Exercise goal: In the listing below, locate the line with "So these are" and the line with "They should have", then output both and everything between them exactly, minus any pictures.

Data shown:
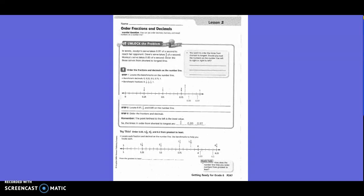5th grade, getting ready for 6th grade. Lesson 2: Order fractions and decimals. Unlock the problem.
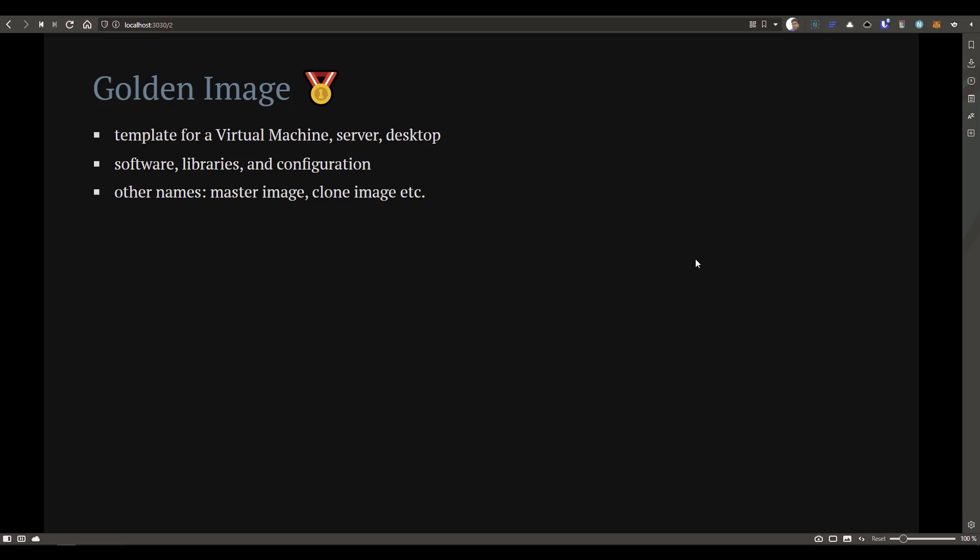Before we start looking at Packer and how to create the golden image, let us first understand what a golden image is. Think of it like a template for easy deployment — a template for your virtual machine, server, or desktop. The golden image contains the necessary software you would like to spin up pretty quickly, such as Nginx, libraries, CLI tools, and other configurations. Other names you may have come across are master image or clone image.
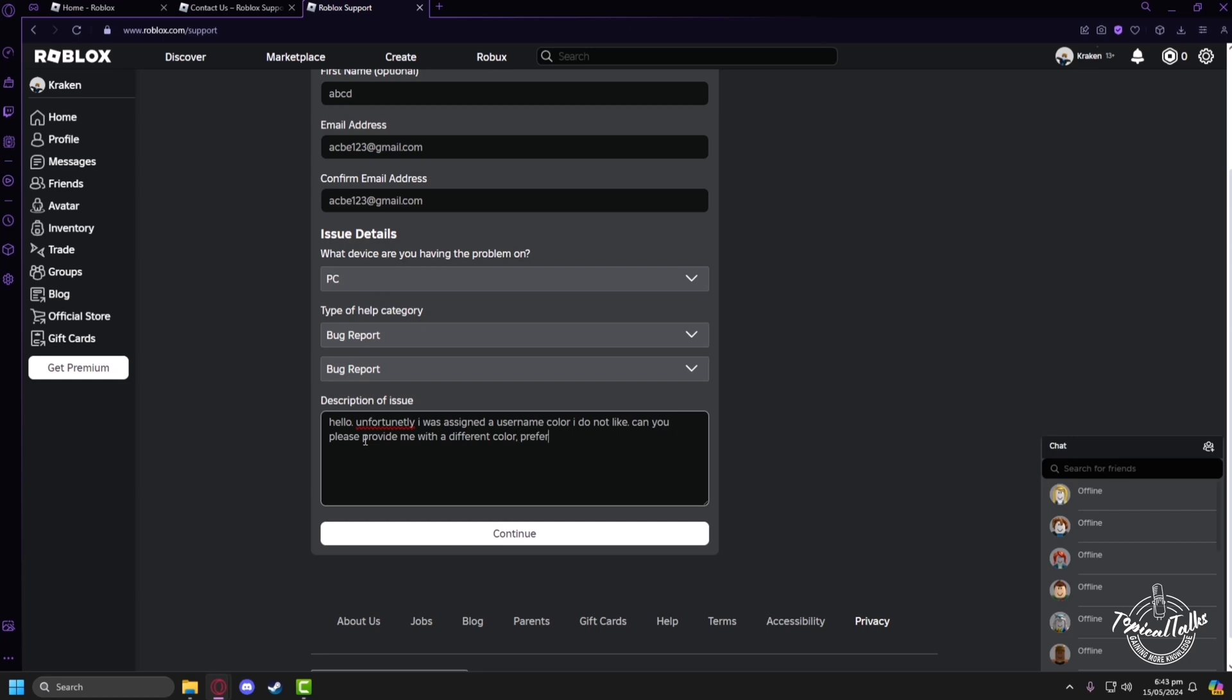And my preference would be blue, so just type preferably blue color and put a thank you at the end.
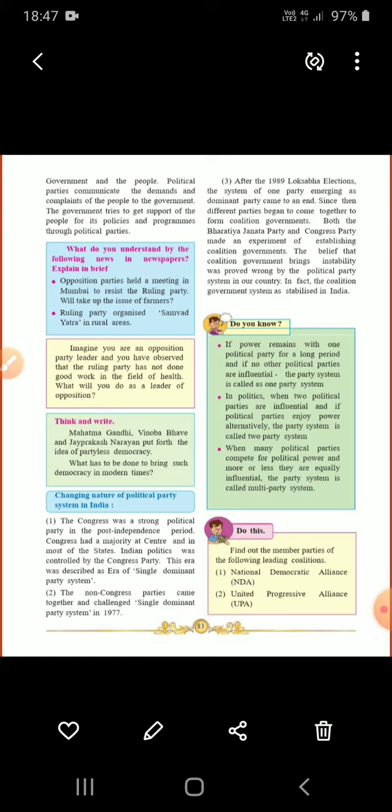So these are three party systems we can see. But in our country, one-party system has been there for many years.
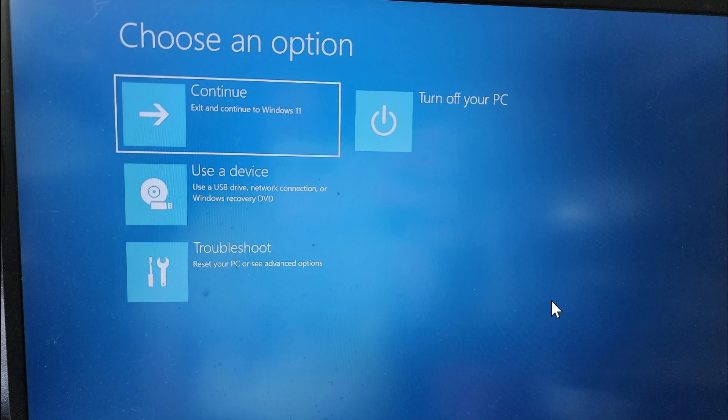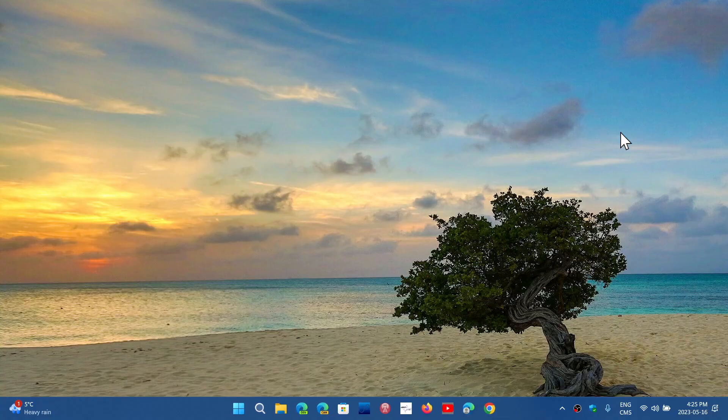They should have added that in Windows 10 too. Honestly, that first screen should immediately have an option to use a device. I think it's extremely useful. So that's your first screen when you use the advanced boot options in both Windows 10 and Windows 11.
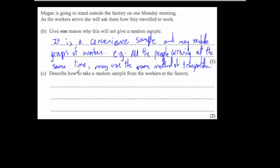To describe how to take a proper random sample of workers from the factory: list all the workers, give them a number, then select them at random — put those numbers into a hat and select at random, use a random number calculator, or use a random number table.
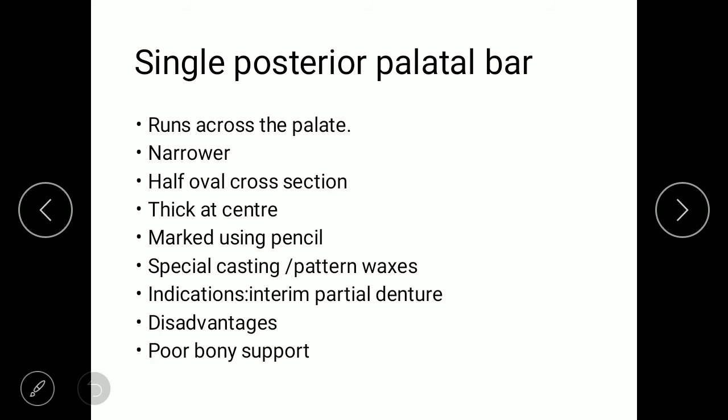The first type is the single posterior palatal bar, which may run across the palate. It is a narrow connector with an oval cross-section, thick at the center point. The extent is marked using a pencil, and special casting wax or pattern waxes are used; adapting wax can also be used. Indications are for interim partial dentures. Disadvantages include poor bony support, poor vertical support, and it cannot be used in the anterior region due to interference of the premolar teeth.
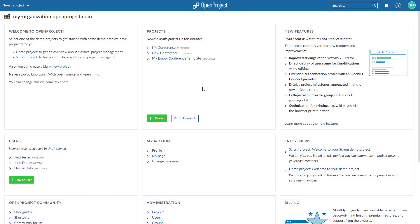What are the six steps to get started with your team in OpenProject? Once you have logged into your application, you see the home screen with an overview of important information.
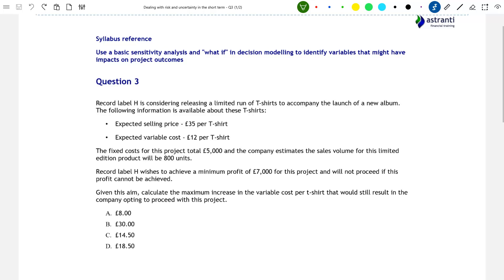Hello and welcome to this Astrante YouTube video. In today's video we're going to be looking at an exam style question on the topic of sensitivity analysis, which is something that you'll need to know for your CIMA P1 and P2 exams. So let's get started.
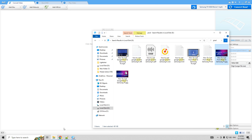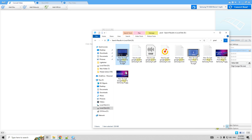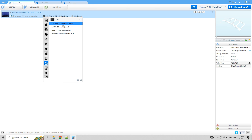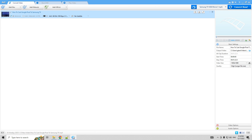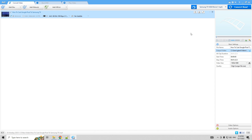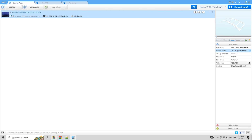Drop your file, select Samsung TV, select the desired directory, and convert. Now your file has been re-encoded for Samsung TV. That's it — now we know how to fix the 'selected file is not correctly supported' Samsung TV error. Thanks for watching.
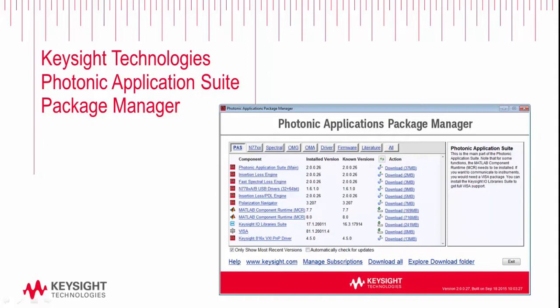Hello, my name is John DeRigge. I'm an application engineer with Keysight Technologies, and over the course of this short video I'd like to introduce you to the Keysight Technologies Photonic Application Suite Package Manager. This is a software package that will manage all of your optical application programs on the PC. It shows you what's installed, if there are newer versions available, and it provides a step-by-step guide for installing all the various software packages.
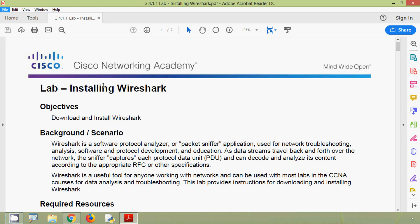Hi friends, welcome. In this video we are going to see this lab activity: installing Wireshark. If you are watching our channel for the first time or not yet subscribed, consider subscribing, and don't forget to enable the bell icon near the subscribe button so that you will get a notification message whenever we upload a new video.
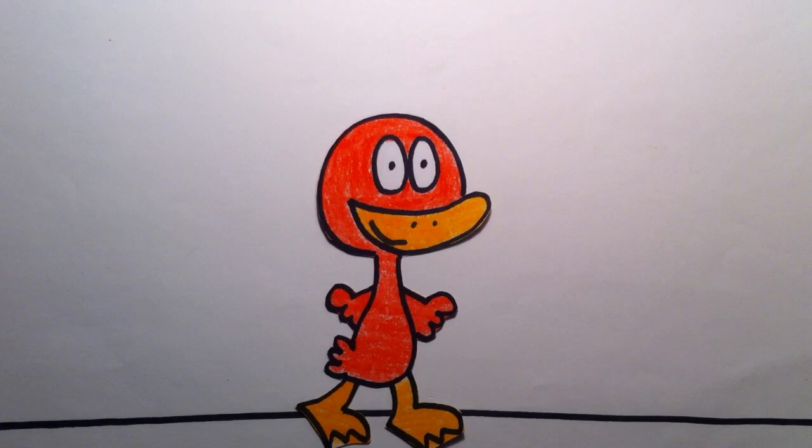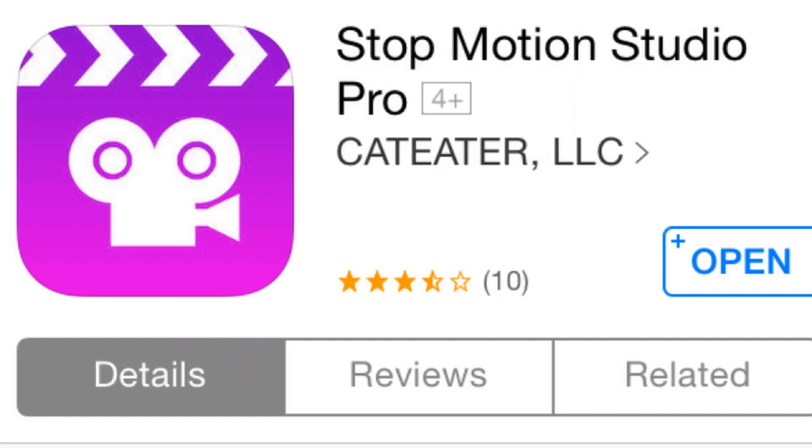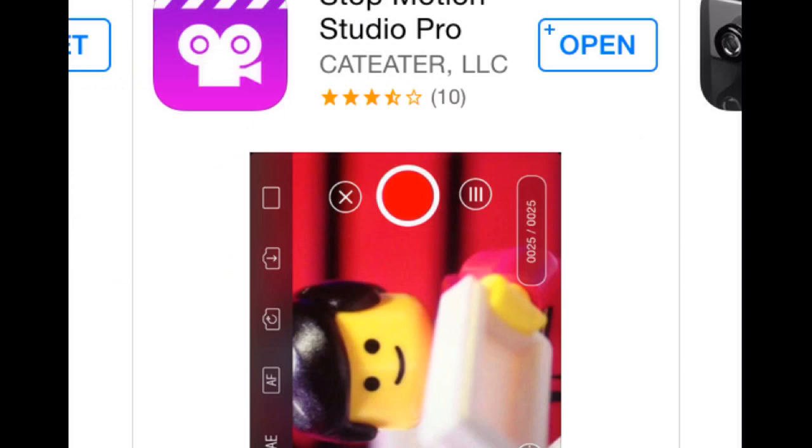Greetings folks. Waddle the Duck here from Channel Watchwaddle to give a tutorial on the Stop Motion Studio Program's green screen ability. This is a really fun function and allows tons of possibilities.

Written response:
So these are three party systems we can see. But in our country, one-party system has been there for many years.
They should have added that in Windows 10 too. Honestly, that first screen should immediately have an option to use a device. I think it's extremely useful. So that's your first screen when you use the advanced boot options in both Windows 10 and Windows 11.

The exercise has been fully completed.